*** Opening of Provided records ***

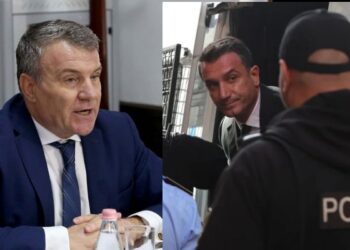 Malaj hedh bombën: Veliaj nuk është i pafajshëm, në Bashki vepron mafia e tokave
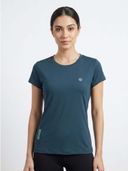Navy Blue color option, Currently selected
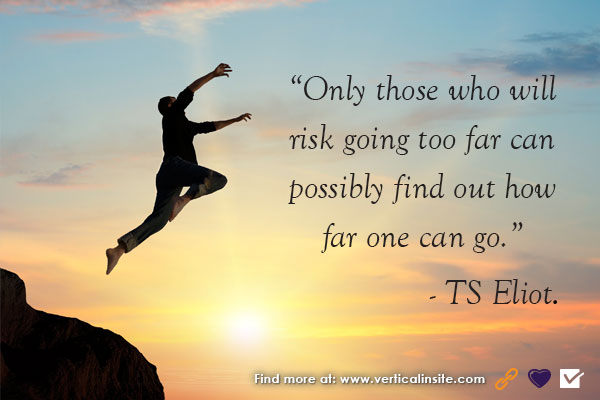 Motivational quotes on success in business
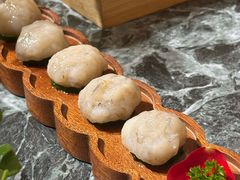 -慢丽江·云南野生菌土鸡锅(西山店)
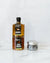 Black Garlic Sea Salt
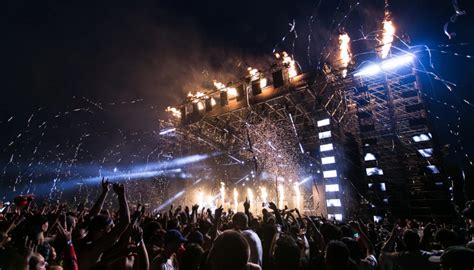 Image result for Event Public Liability Insurance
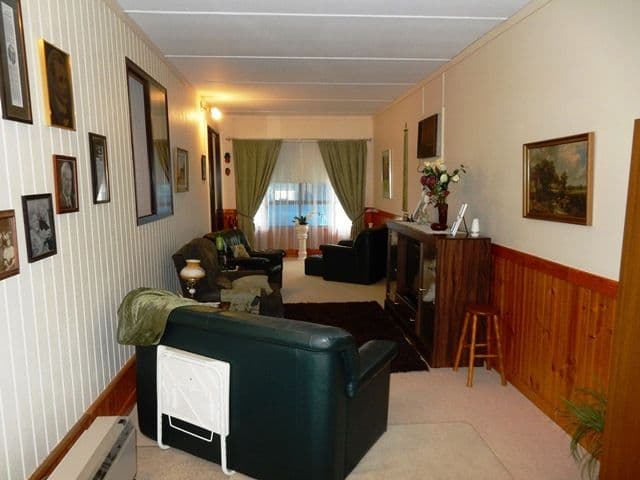 4 Highview Holiday Village, 15A Highview Road, Ardrossan SA 5571, Ardrossan - Thumbnail 5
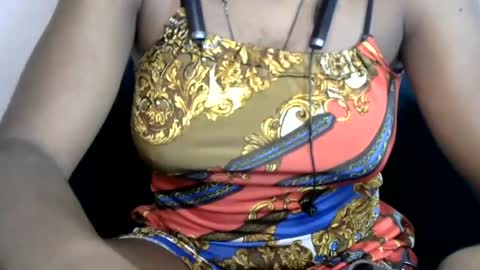 sinful_bitch80 online show from July 2026 04:21:02 PM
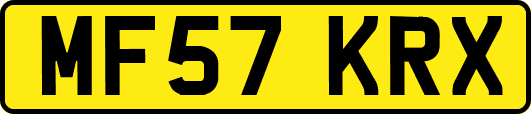 MF57KRX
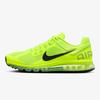 Nike Air Max 2013 Size Volt/Cyber/Black HF3660-700, 24.5cm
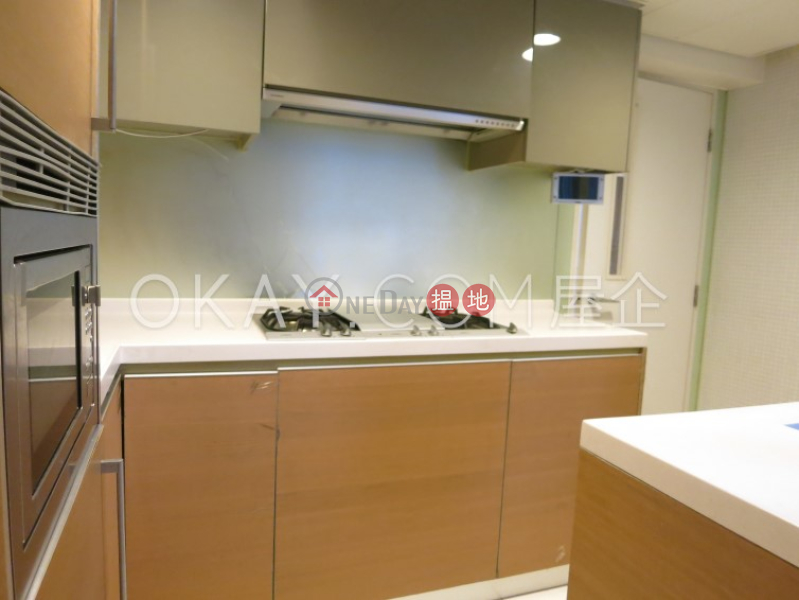 Gorgeous 3 bedroom on high floor with balcony | Rental | Centrestage 聚賢居 Rental Listings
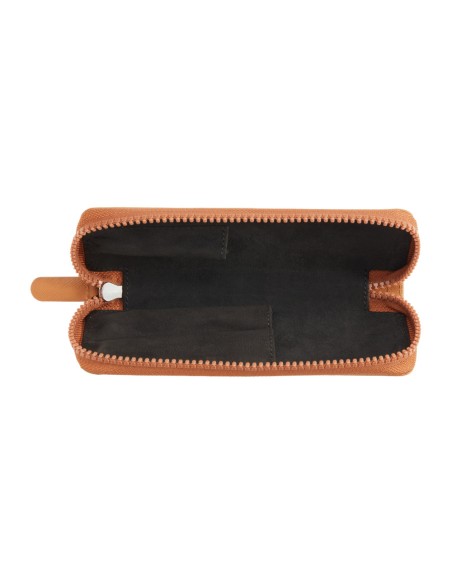 CROSS_Zippered_Double_Pen_Case_AC308-2_Mocha-03.jpg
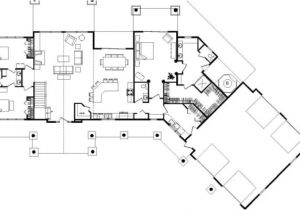 Home Plans with Jack and Jill Bathroom 20 Best Photo Of Jack and Jill Bathroom House Plans Ideas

*** Close of Provided records ***

● What needs to be done:
Nothing but the lines from the one with "CROSS_Zippered_Double_Pen_Case_AC308-2_Mocha-03.jpg" through the end of the entries above, both included, should be set down, exactly and without pictures.

● Exercise response:
 CROSS_Zippered_Double_Pen_Case_AC308-2_Mocha-03.jpg
 Home Plans with Jack and Jill Bathroom 20 Best Photo Of Jack and Jill Bathroom House Plans Ideas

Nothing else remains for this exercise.